• _Problem to solve_
Read the listing below and tally the lines that contain "Apple"; the reply is that tally only.

• _Data_
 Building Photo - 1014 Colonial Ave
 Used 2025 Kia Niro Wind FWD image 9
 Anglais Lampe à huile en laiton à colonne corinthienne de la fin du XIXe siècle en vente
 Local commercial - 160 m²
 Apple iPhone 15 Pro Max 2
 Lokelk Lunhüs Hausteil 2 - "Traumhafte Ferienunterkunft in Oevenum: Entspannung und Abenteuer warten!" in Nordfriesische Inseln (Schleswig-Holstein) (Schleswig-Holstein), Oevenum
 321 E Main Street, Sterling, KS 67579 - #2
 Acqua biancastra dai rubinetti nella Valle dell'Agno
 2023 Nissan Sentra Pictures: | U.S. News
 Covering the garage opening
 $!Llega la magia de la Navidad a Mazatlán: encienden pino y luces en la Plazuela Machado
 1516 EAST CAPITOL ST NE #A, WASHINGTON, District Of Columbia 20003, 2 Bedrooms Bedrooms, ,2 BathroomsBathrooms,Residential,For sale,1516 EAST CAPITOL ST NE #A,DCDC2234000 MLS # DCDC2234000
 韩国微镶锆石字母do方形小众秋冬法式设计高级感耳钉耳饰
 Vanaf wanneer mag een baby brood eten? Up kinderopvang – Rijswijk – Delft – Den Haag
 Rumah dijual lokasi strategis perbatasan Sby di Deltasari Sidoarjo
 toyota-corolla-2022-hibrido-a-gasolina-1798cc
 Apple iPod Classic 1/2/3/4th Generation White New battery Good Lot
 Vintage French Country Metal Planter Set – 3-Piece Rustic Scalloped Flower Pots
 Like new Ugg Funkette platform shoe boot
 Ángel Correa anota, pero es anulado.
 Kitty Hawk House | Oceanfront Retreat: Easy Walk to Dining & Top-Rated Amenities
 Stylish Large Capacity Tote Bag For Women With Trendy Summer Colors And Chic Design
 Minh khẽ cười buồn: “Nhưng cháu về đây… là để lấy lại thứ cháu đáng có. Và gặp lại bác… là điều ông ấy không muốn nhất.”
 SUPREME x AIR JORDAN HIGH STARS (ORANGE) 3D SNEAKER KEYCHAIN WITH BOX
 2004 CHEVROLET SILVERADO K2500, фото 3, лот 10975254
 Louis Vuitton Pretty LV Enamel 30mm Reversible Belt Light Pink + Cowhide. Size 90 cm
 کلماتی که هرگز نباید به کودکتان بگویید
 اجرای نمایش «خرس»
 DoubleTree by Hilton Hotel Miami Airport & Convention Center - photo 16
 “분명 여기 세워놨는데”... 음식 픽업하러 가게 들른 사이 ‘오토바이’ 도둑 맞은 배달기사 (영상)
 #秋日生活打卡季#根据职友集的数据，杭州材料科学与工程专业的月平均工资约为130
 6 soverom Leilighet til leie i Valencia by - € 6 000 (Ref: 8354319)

• _Response_
2